ACTION ITEM ▸
Write out again only the lines between the one with "WiZ 556092 ST19" and the end of the records below, both ends counted, and don't include the pictures.

ENTRIES PROVIDED ▸

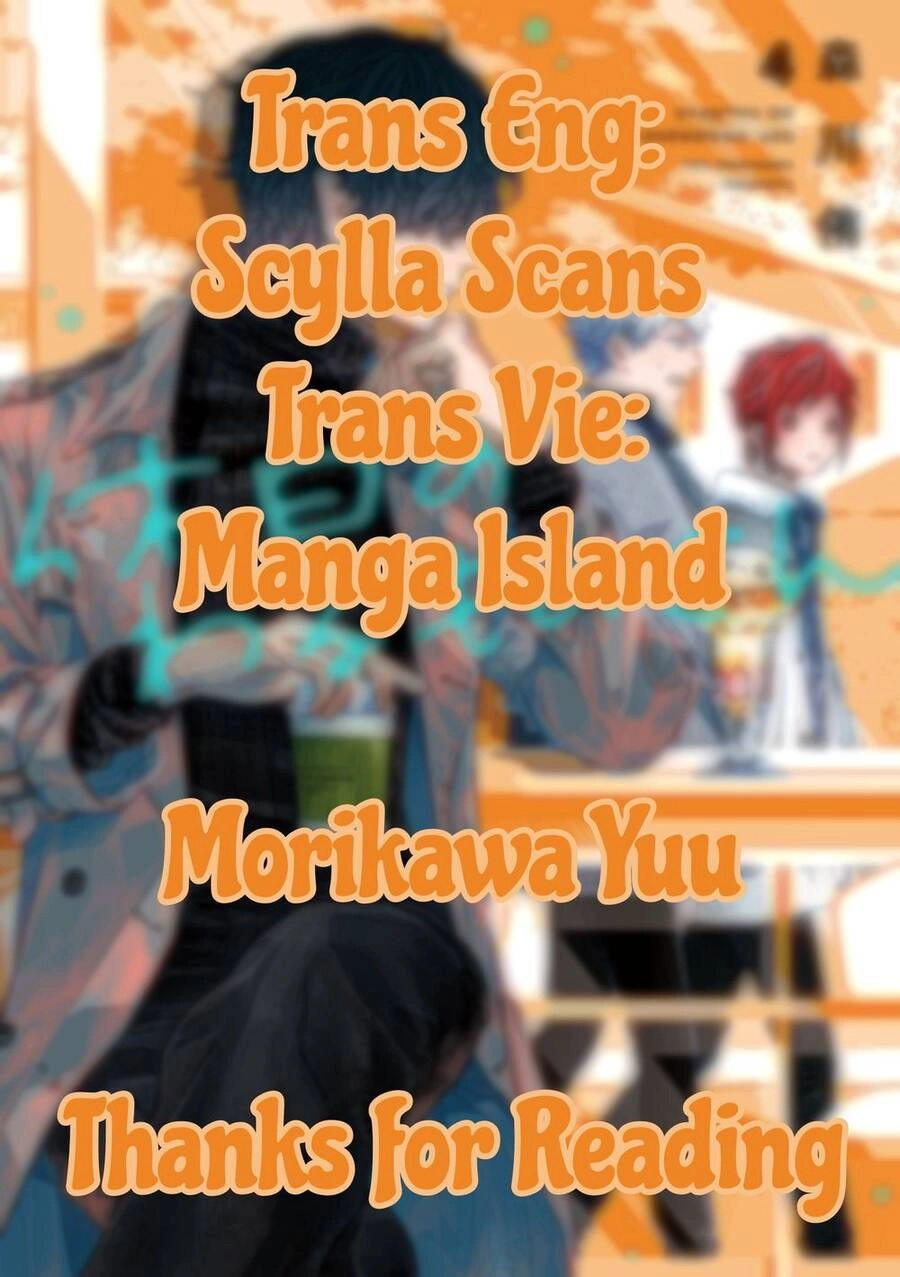 Ngày Nghỉ Của Ngài Tội Phạm Chapter 42 - 1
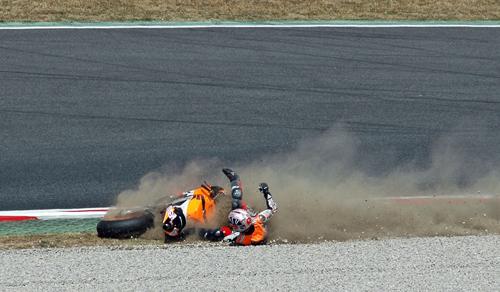 Fotos menos valoradas » Foto de Marc Delcort - Galería: MotoGP 2006 - Fotografía: Moto5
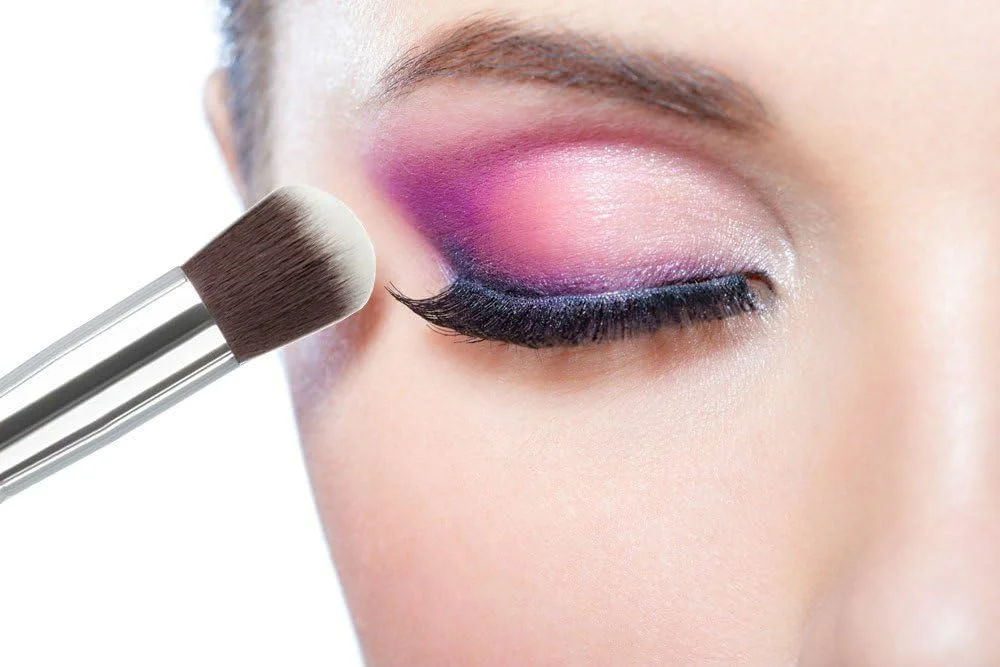 ست برس آرایشی صورت و چشم 6 عددی حرفه ای ARUHIU | الیاف مصنوعی | ترکیب آسان، برس های آرایش چشم | برای کرم، مایع و پودر ست برس آرایشی صورت و چشم 6 عددی حرفه ای ARUHIU | الیاف مصنوعی | ترکیب آسان، برس های آرایش چشم | برای کرم، مایع و پودر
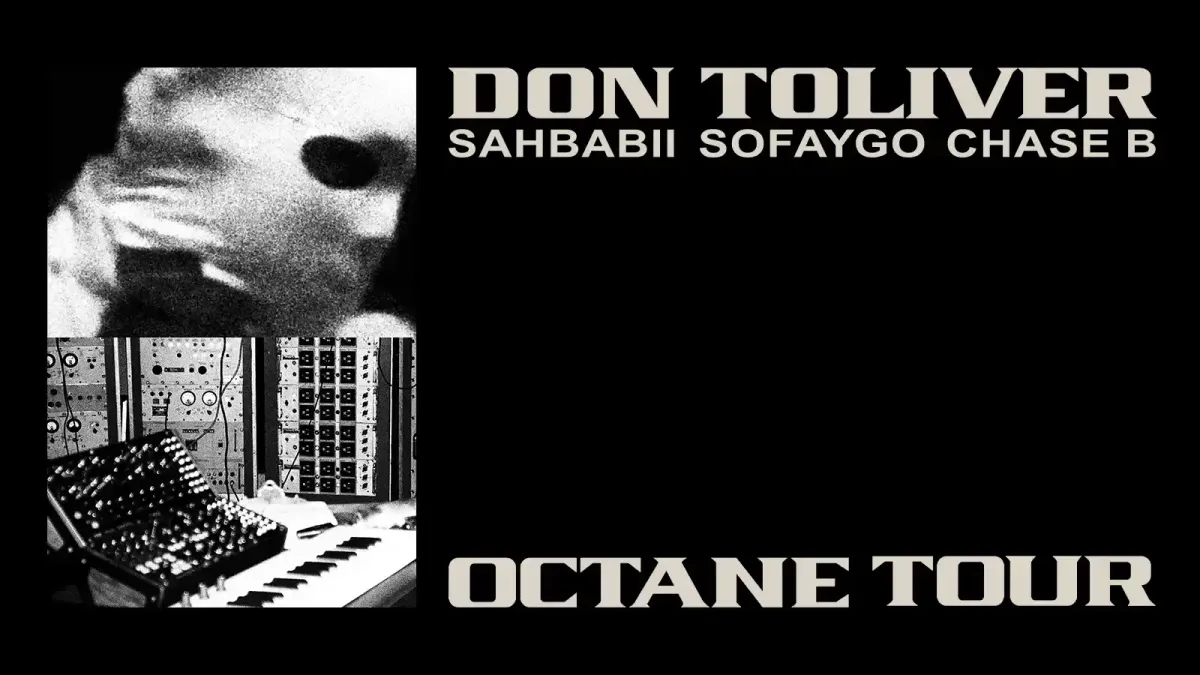 Win Tickets To Don Toliver
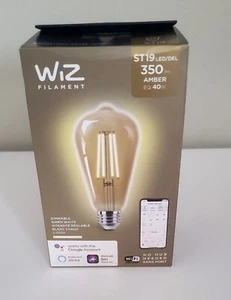 WiZ 556092 ST19 Vintage Bulb - Picture 1 of 1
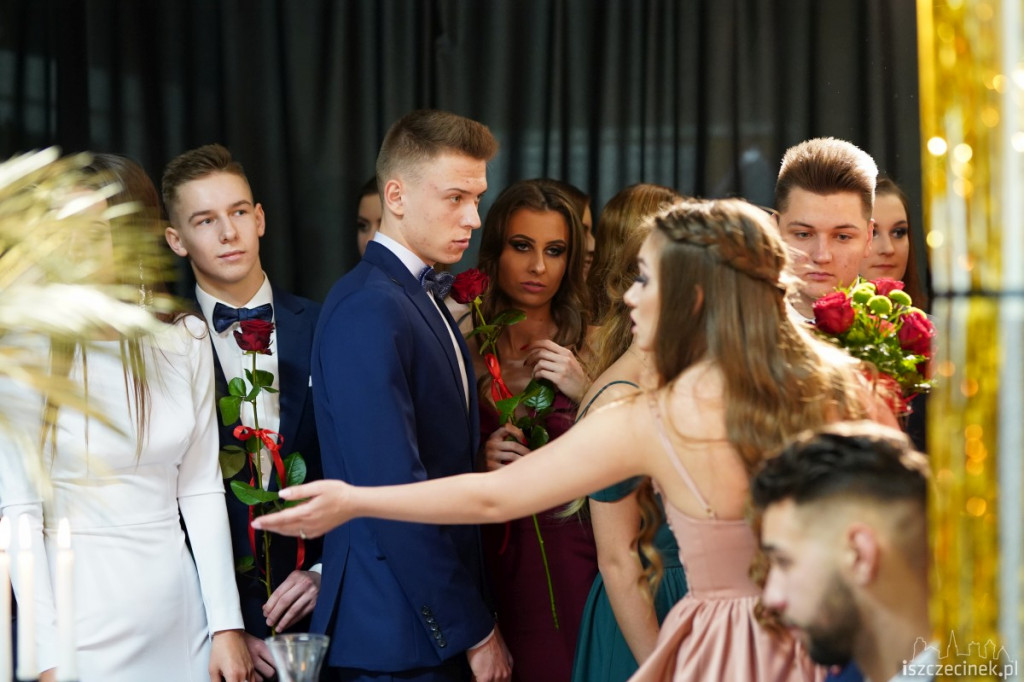 Studniówka 2019. Zespół Szkół nr 1 im. Komisji Edukacji Narodowej w Szczecinku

REPLY ▸
 WiZ 556092 ST19 Vintage Bulb - Picture 1 of 1
 Studniówka 2019. Zespół Szkół nr 1 im. Komisji Edukacji Narodowej w Szczecinku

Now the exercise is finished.